Vanuatu Department of Energy

STORY HIGHLIGHTS
  • Made up of about 80 islands, getting public services to reach remote communities can often be a challenge.
  • Until recently, 75 percent of Vanuatu’s population lived without access to electricity.
  • The Vanuatu Rural Electrification Project is subsidizing 50 percent of the cost of solar kits so families can generate electricity for their homes.

Vanuatu, May 22, 2017 - Like many Pacific Island countries, Vanuatu is a dispersed nation, with islands scattered across vast distances, and many remote communities never having access to electricity. In 2014 Vanuatu launched its rural electrification project, with assistance from the World Bank and the Government of New Zealand, in order to provide electricity for remote areas of the country.

During a recent visit to the region, World Bank Vice President for East Asia and the Pacific, Victoria Kwakwa was able to see first-hand the positive impact the program is having.

Pang Pang Village is a remote community on the coast of Efate Island, about 45 kilometers east of the capital, Port Vila. It was here that Victoria met local resident Lina Bae, previously one of the 75 percent of the population who had never had access to electricity. Through the project, Lina was able to purchase a solar power kit, allowing her to light her home and charge her phones other mobile devices.

After a display of the new solar lighting systems, Lina explained how in the past they relied on dangerous kerosene lamps and candles for light. Today she is happy that her children are able to read and study in the evenings after school, and feels content to leave a light on all night for her young children’s safety.
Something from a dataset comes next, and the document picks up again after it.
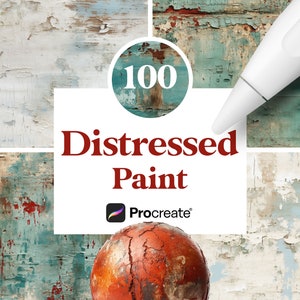 100 Procreate Distressed Paint Textures, vecchi modelli di vernice usurati, download digitale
The Government of Vanuatu has set a target of 65 percent power generation from renewable energy by 2020 to increase energy security and fight climate change. With this project, 17,000 households throughout Vanuatu will be supported to access non grid, renewable electricity through solar.

With low population densities and large distances between communities, a key challenge for the project has been providing access to electricity in a way that is cost effective and efficient.

To do this, the project is subsidizing 50 percent of the cost of solar power systems for families. Community-operated and managed health posts and not-for-profit community halls also have access to subsidies to purchase solar systems. Initially, the project is focusing on solar power systems that are “plug and play” – installed easily by the owner and requiring little to no maintenance other than replacing batteries. These systems provide lighting and phone charging capabilities, with some systems able to support other uses such as radios and small televisions.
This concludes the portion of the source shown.